_THE INPUT:_
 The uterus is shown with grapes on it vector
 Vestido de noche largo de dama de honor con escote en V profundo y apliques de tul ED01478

...

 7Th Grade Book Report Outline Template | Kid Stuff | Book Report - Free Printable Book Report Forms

_ASSIGNED TASK:_ Only the lines from the one containing "The uterus is shown with grapes on it vector" through the one containing "Vestido de noche" are to be retyped, both boundary lines included, with no other material.

_EXERCISE RESULT:_
 The uterus is shown with grapes on it vector
 Vestido de noche largo de dama de honor con escote en V profundo y apliques de tul ED01478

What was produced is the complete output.